Stuart from Bank of the West only expects the environmental checking account program to grow, resulting in increased donations over the lifetime of each account. The bank is also looking at expanding the idea to other accounts in its portfolio, enabling the company to donate to other partner organizations like Conservation Alliance, Nature Bridge and the Sustainable Ocean Alliance, among others. 

Although Bank of the West has exclusive licensing for the Doconomy technology in the U.S. for the next year, Wikström says there are plans to expand the program to other financial institutions after that. 

Plus, the carbon tracker for personal finances is only part of Doconomy’s vision to enable a sustainable lifestyle for everyone. The company is also working on a carbon emissions limit for credit cards, which would freeze spending when a per capita cap on emissions is reached, much like how a standard credit limit works.

“If we use what’s already in place to illustrate environmental impact, rather than financial impact, we can come a long way,” Wikström says. “We don’t have any bank implementing it yet, but the technology is in place.” 

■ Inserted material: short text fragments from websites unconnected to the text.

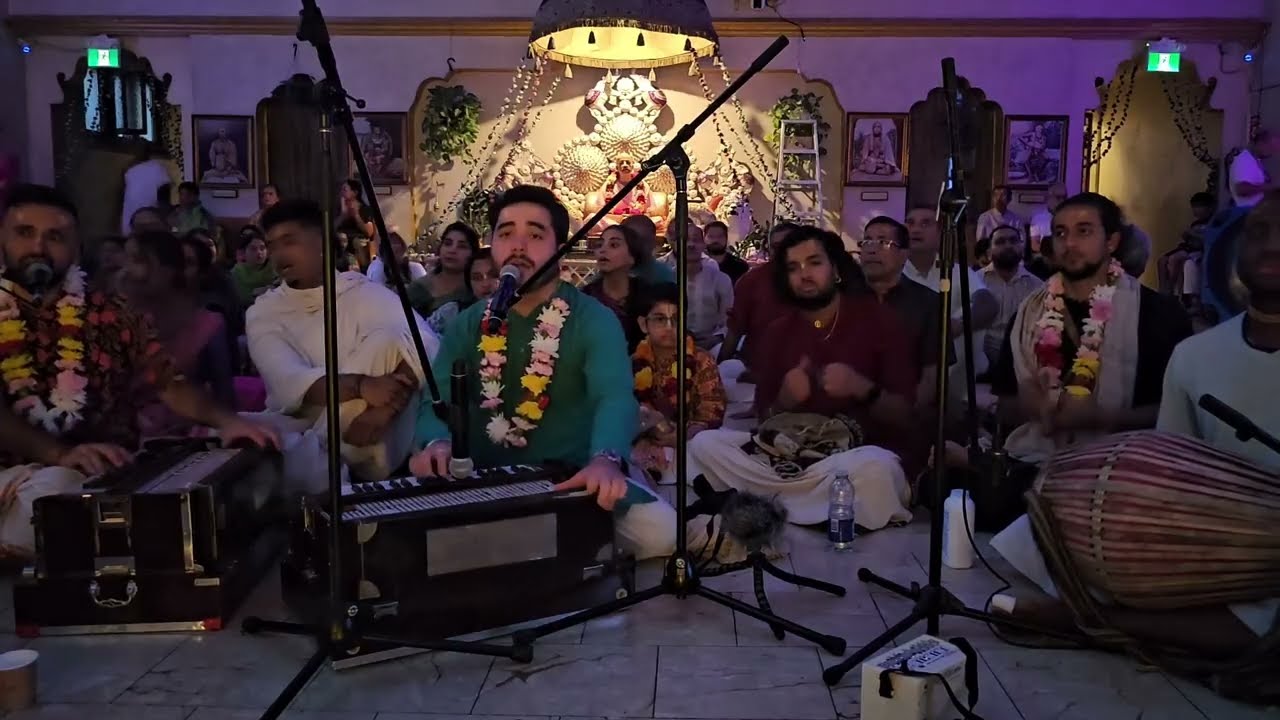 Bal Krishna | Vraj Vilas Mela 2024 | Hare Krishna Kirtan (Original Recording)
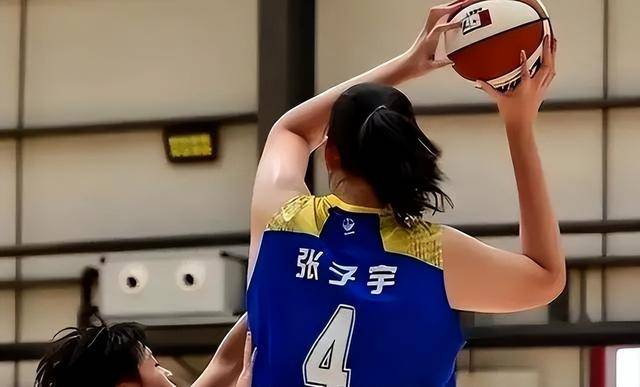 意大利女足新星崭露头角，深入赛场取得胜利 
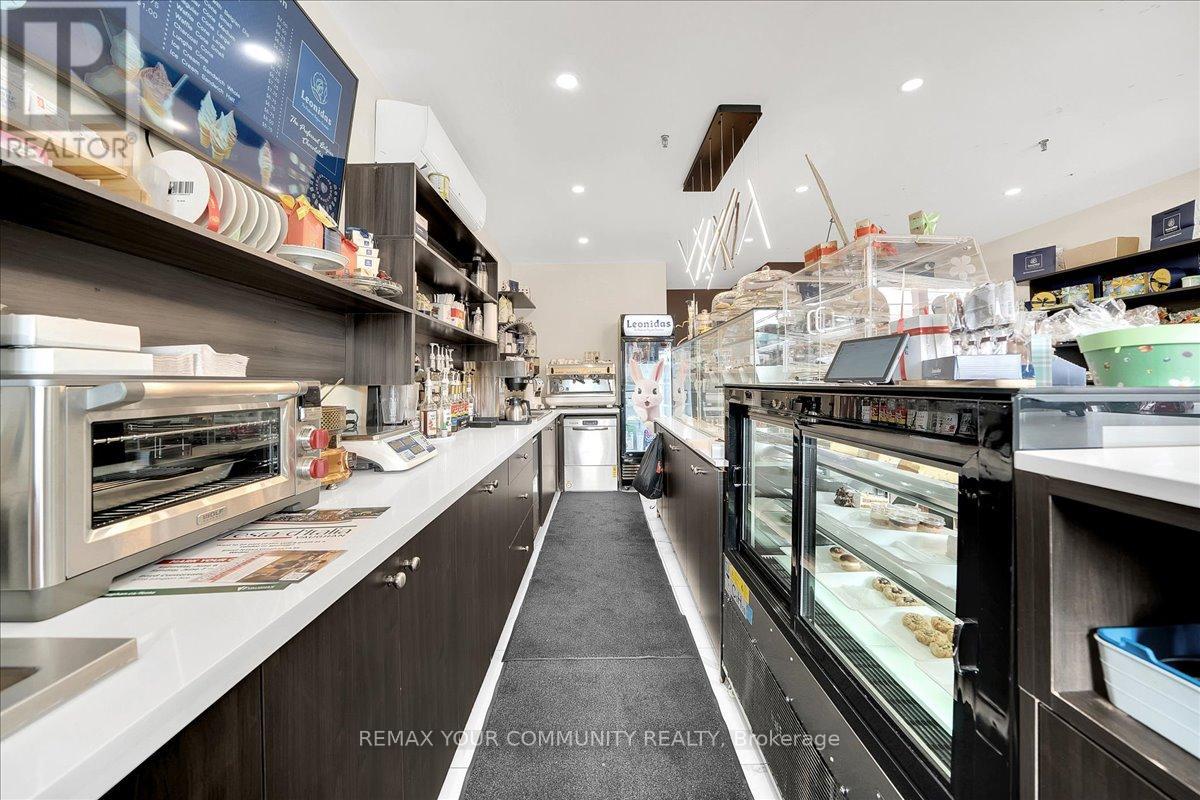 166 Woodbridge Avenue, Vaughan (West Woodbridge), Ontario  M9L 2L1 - Photo 20 - N12922734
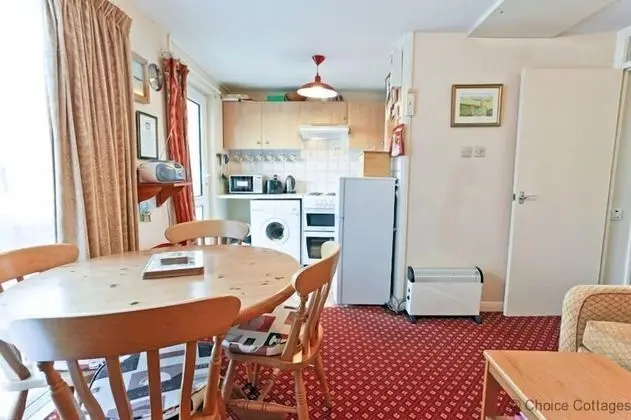 Croyde Sunset View 2 Bedrooms - Oda Düzeni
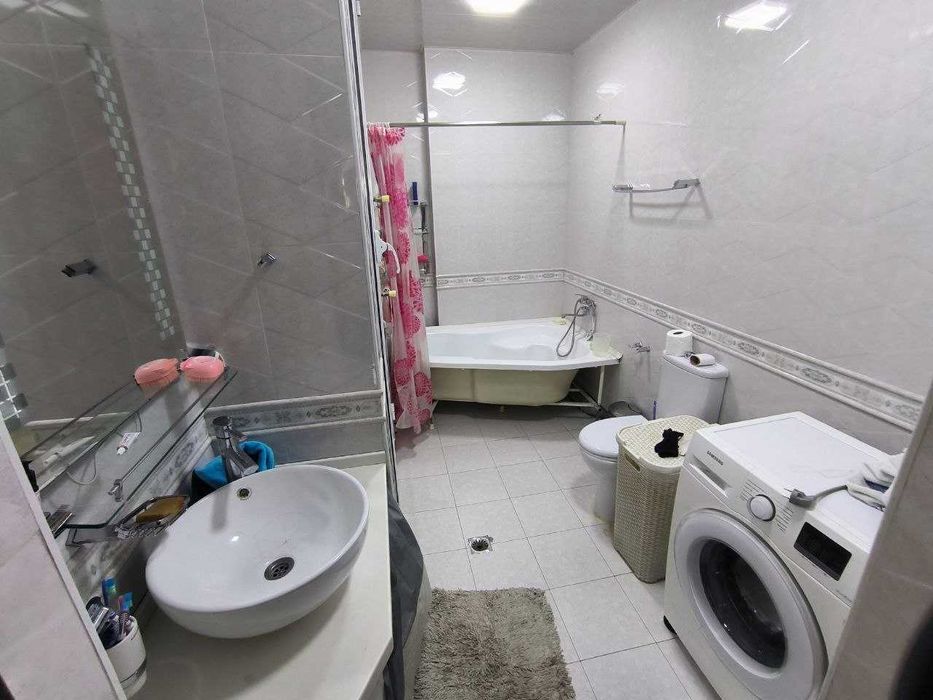 Продается 4/4/6 квартира на 2й линии у метро Беруний, МСГ Хувайдо.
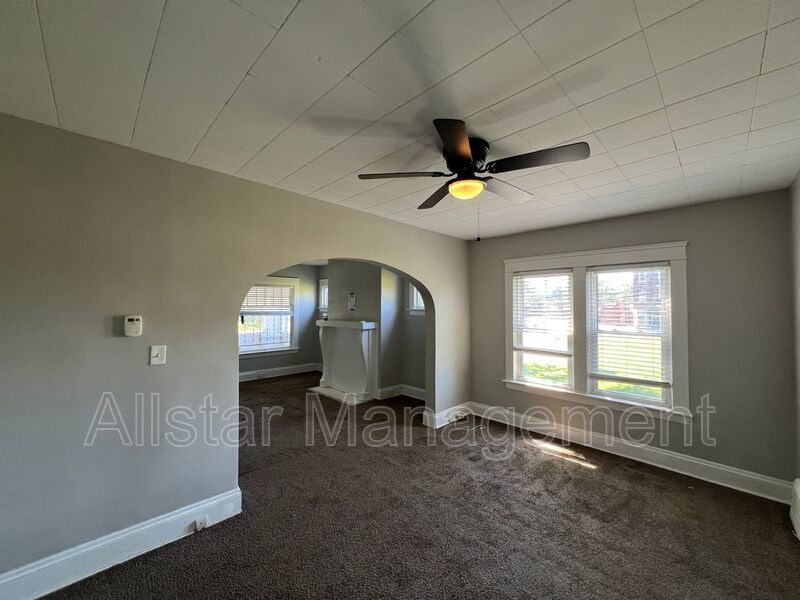 13815 Idarose Ave. #1, Cleveland property image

And Doconomy just released its 2030 Calculator in conjunction with the U.N. Climate Secretary. It’s an automated system to measure the carbon footprint of individual products and brands free of charge, which could be used in carbon labeling products.  Doconomy’s eventual goal is to aggregate all of the information it collects into an open source database dubbed the Global Carbon Files so that everyone — from institutions to consumers — can have access to the information to better understand lifestyle choices comparatively across industries and products. 

Currently, Doconomy is operating in six countries around the world, but interest in the technology is rapidly increasing, as awareness of the climate crisis continues to grow. 

“The climate crisis challenge is greater than any one bank can address on its own,” Wikström says. “I definitely think [the carbon tracker] is something that should be default, really, because how can you make an informed decision if you’re going to have the financial impact, but not the environmental impact at hand when making your choice?”  

The story has been updated to include Johan Pihl.